Thursday, April 13, 2006

if it is crossing the network, we are probably being monitored by bush as well ...

Whistle-blower says ATT gave U.S. spy agency access to network
April 13, 2006

SAN FRANCISCO (AP) -
ATT Inc. and an Internet advocacy group are waging a privacy battle in U.S. federal court that could expose the reach of the White House's secretive domestic wiretapping program.

The Electronic Frontier Foundation said it obtained documents from a former ATT technician showing the National Security Agency is capable of monitoring all communications on ATT's network.

It appears the NSA is capable of conducting what amounts to vacuum-cleaner surveillance of all the data crossing the Internet, whether that be people's e-mail, Web surfing or any other data, whistle-blower Mark Klein, who worked for the company for 22 years, said in a statement released by his lawyers.

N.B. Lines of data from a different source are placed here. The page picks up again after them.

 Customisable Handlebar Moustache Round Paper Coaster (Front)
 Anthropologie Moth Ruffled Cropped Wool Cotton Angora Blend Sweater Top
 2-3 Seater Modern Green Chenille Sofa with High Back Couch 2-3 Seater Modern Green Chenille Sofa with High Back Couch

U.S. District Judge Vaughn Walker is considering whether to unseal documents Klein provided and ATT wants kept secret. EFF filed the documents under seal as a courtesy to the phone company but is seeking to unseal them.

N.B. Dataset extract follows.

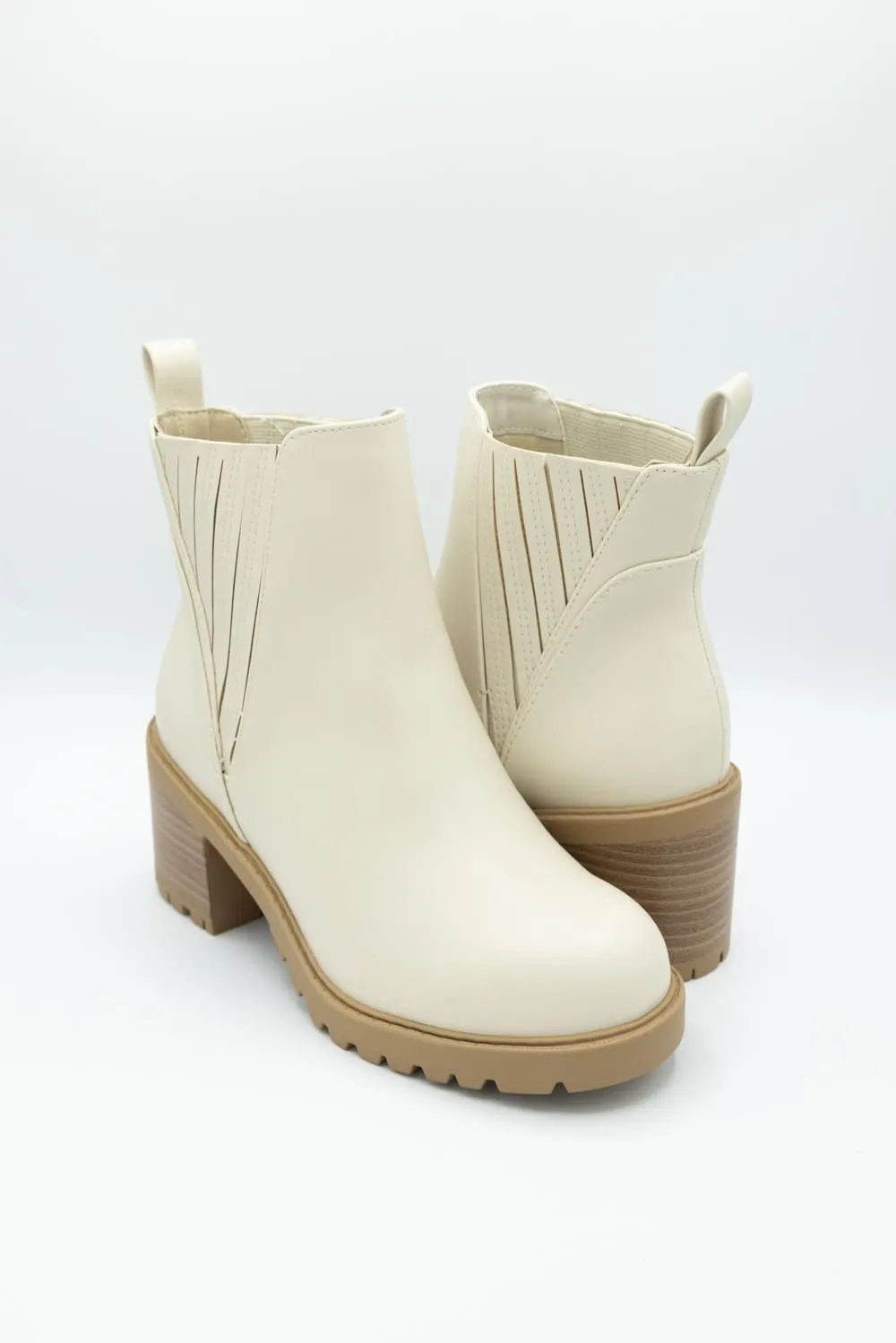 Soda Wisely Lug Booties for Women in Bone | WISELY-S BONE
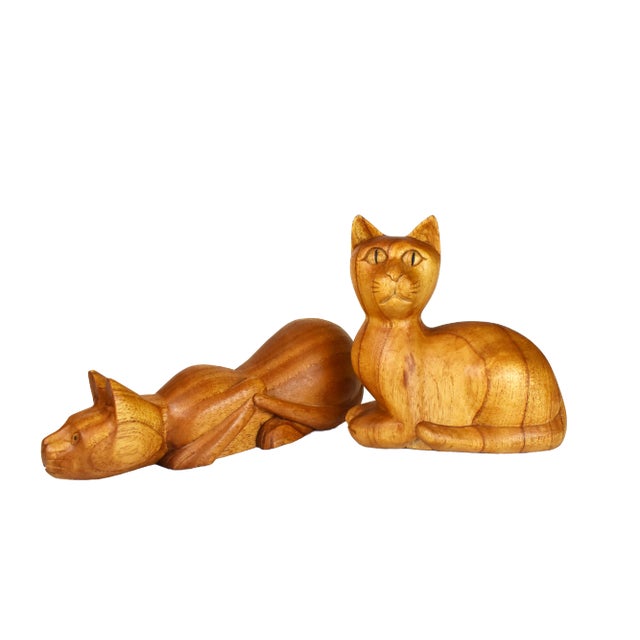 Vintage Wooden Hand Carved Cat Figurine - a Pair For Sale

The EFF lawsuit, filed in U.S. District Court, seeks to stop the surveillance program that started shortly after the 2001 terror attacks on the United States. The suit is based in large part on the Klein documents, which detail secret spying rooms and electronic-surveillance equipment in ATT facilities.

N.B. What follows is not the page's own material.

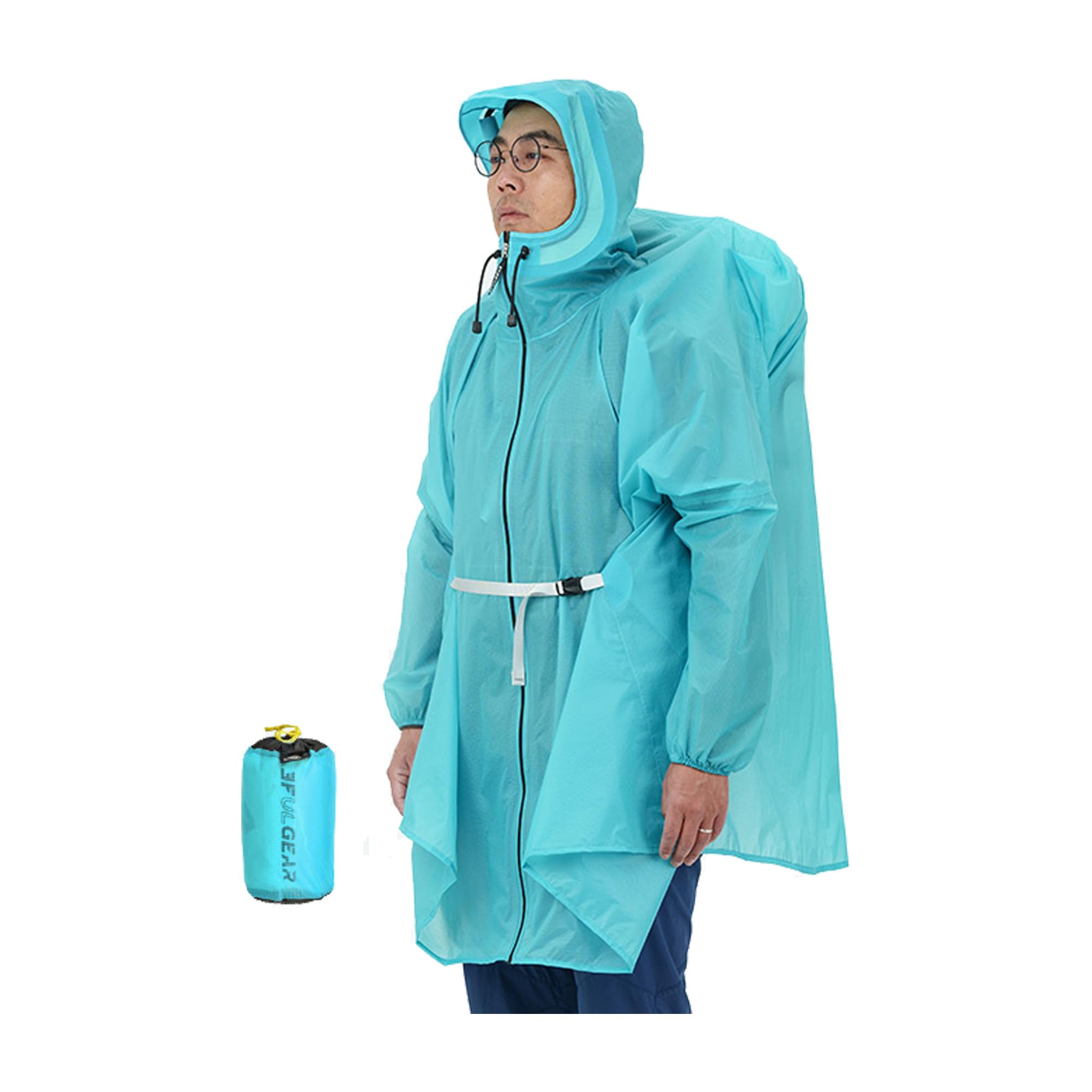 windhike 3F UL GEAR Leichte Regenjacke mit Reißverschluss, PU5000mm Wasserdicht,15D Nylon/210T Polyester,Regenponcho Herren&Damen 140-190cm für Bergsteigen Camping Wandern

The suit claims ATT not only provided direct access to its network that carries voice and data but also to its massive databases of stored telephone and Internet records that are updated constantly.

ATT violated U.S. law and the privacy of its customers as part of the massive and illegal program to wiretap and data-mine Americans' communications without warrants, the EFF alleged.

Klein said the NSA built a secret room at the company's San Francisco central office in 2003, adjacent to a switch room where the public's phone calls are routed. One of the documents under seal, Klein said, shows a device was installed with the ability to sift through large amounts of data looking for pre-programmed targets.

Other so-called secret rooms were constructed at ATT sites in Seattle, San Jose, Los Angeles and San Diego, the statement said.

Other documents under seal show fibre optic cables from the secret room tapped into WorldNet Internet subscribers and instructed technicians how to connect cables to the secret room, Klein said. He said he was required to connect circuits that fed information to the secret room.

The NSA declined directly to address the lawsuit or Klein's allegations, which covered activities at ATT Corp. before SBC Communications Inc. bought it and became ATT Inc. late last year.

Any discussion about actual or alleged operational issues would be irresponsible, as it would give our adversaries insight that would enable them to adjust and potentially inflict harm to the U.S., NSA spokesman Don Weber said.

Michael Balmoris, an ATT spokesman, said the San Antonio, Texas-based telecommunications company follows all laws with respect to assistance offered to government agencies.

He declined further elaboration, saying ATT is not in a position to comment on matters of national security or litigation.

President George W. Bush confirmed in December the NSA has been conducting the surveillance when calls and e-mails, in which at least one party is outside the United States, are thought to involve al-Qaida terrorists.

In congressional hearings last week, U.S. Attorney General Alberto Gonzales suggested the president could order the NSA to listen in on purely domestic calls without first obtaining a warrant from a secret court established nearly 30 years ago to consider such issues.

He said the administration, assuming the conversation related to al-Qaida, would have to determine if the surveillance were crucial to the fight against terrorism, as authorized by Congress following the Sept. 11 attacks.